Segnalo la sentenza perché, nell’ambito della altalenante giurisprudenza in materia di nullità delle polizze assicurative di tipo “Linked”, contiene alcuni passaggi che confermano i capisaldi dell’orientamento favorevole alla nullità di queste polizze.

Il Tribunale, dopo aver ribadito che la qualificazione del contratto come polizza Unit Linked “in astratto e di per sé, non sarebbe ostativa a riconoscere natura assicurativa al contratto”, ha determinato, correttamente, che nel caso di specie si trattasse “di una polizza pure unit linked, in cui non è previsto alcun genere di garanzia contro eventuali perdite… posto che la prestazione a carico dell’assicuratore in caso di decesso o di riscatto anticipato, sarebbe stata determinata unicamente in base al valore dell’investimento al momento dell’evento risolutivo; il rischio era dunque interamente a carico del cliente.
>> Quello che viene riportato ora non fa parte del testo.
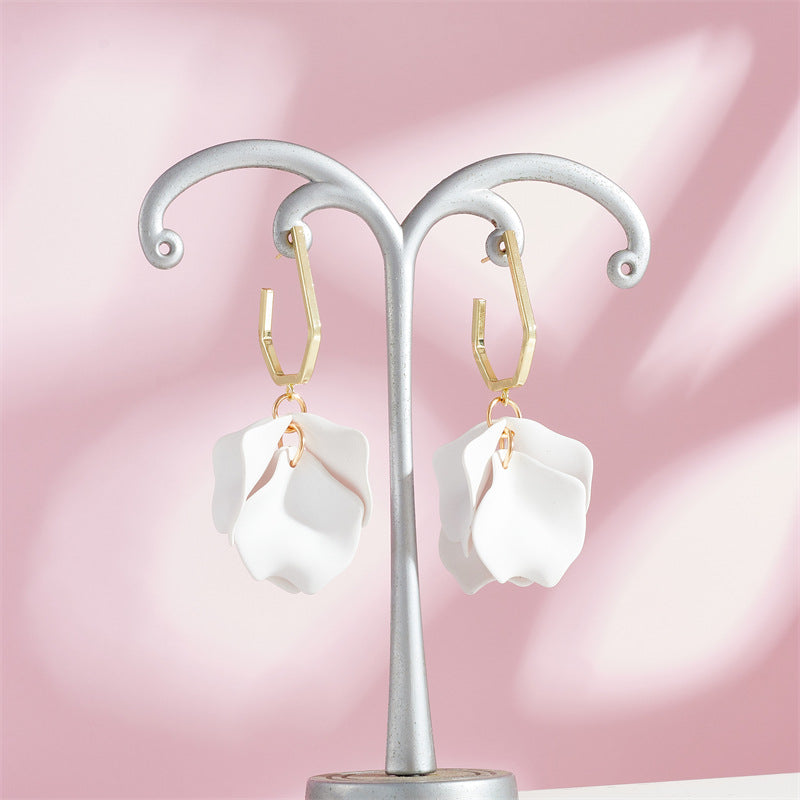 1 Pair Casual Vacation Petal Stoving Varnish Arylic Drop Earrings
Inoltre appare dirimente la circostanza che anche la copertura del rischio demografico era sostanzialmente irrilevante, posto che la prestazione contemplata in caso di decesso era costituita da una maggiorazione estremamente limitata dell’importo da corrispondersi in quell’evenienza (una percentuale dell’1 per cento nel caso in cui il decesso fosse avvenuto fino a 64 anni, via via decrescente sino al suo completo azzeramento). Si tratta dunque di un contratto in cui il rischio a carico dell’assicuratore è sostanzialmente nullo”.

Fatta questa premessa, il Tribunale ha concluso in questo modo: “Se anche si volesse pertanto ritenere che la variabilità in sé del capitale non escluda necessariamente il carattere assicurativo del contratto (v. ad es. Corte di Giustizia europea 31/5/2018 -causa C-542/16, peraltro di molto successiva ai fatti di causa ed emessa in un diverso quadro normativo) è vero anche però che nel caso di specie la concreta configurazione del contenuto del negozio evidenzia che i profili concernenti il rischio demografico costituivano elementi del tutto secondari e irrilevanti nel contesto del rapporto. Ne discende che il contratto per cui è causa deve essere qualificato come prodotto con natura prevalentemente finanziaria”.

A questo punto per il Giudice di Monza doveva trovare applicazione il Testo Unico della Finanza nel testo vigente all’epoca della sottoscrizione del contratto che “prevedeva (art. 23) l’obbligo di conclusione di contratto quadro avente il contenuto di cui all’art. 37 del Regolamento Consob n. 11522/1998” ma per il Tribunale: “nel caso di specie tale contratto non risulta concluso”, né può escludersi l’applicabilità di tale disciplina in base all’art. 100 T.U.F. co. 21 lett. f all’epoca vigente, in quanto questa disposizione escludeva dall’applicazione della disciplina richiamata esclusivamente i “prodotti assicurativi emessi da imprese di assicurazione”; facendo dunque riferimento non solo al tipo di operatore ma anche alla natura del prodotto. Neppure infine può convenirsi con l’assicuratore laddove egli afferma che tale contratto quadro sarebbe costituito dalla polizza, posto che né quest’ultima, né le relative note informative -neppure sottoscritte dalle parti- soddisfano in alcun modo i requisiti del contratto quadro”.

A mio parere la qualificazione del contratto è stata fatta in modo corretto e coerente con le caratteristiche oggettive della polizza in questione, condivido la declaratoria di nullità per carenza di causa ma attenzione che non è possibile applicare i principi dettati da questa decisione, e da altre sentenze simili, in modo indistinto a tutte le polizze di tipo “Linked”; questo perché, almeno secondo la mia opinione, detti principi sono utilizzabili solo rispetto alle polizze Unit Linked pure e cioè a quelle polizze che non hanno alcuna garanzia rispetto al capitale o che non prevedono alcuna indennità certa per i beneficiari al verificarsi del decesso dell’assicurato, sul mercato sono state collocate anche unit linked che presentano alcune garanzie in tal senso e rispetto alle quali i motivi di censura possono essere altri.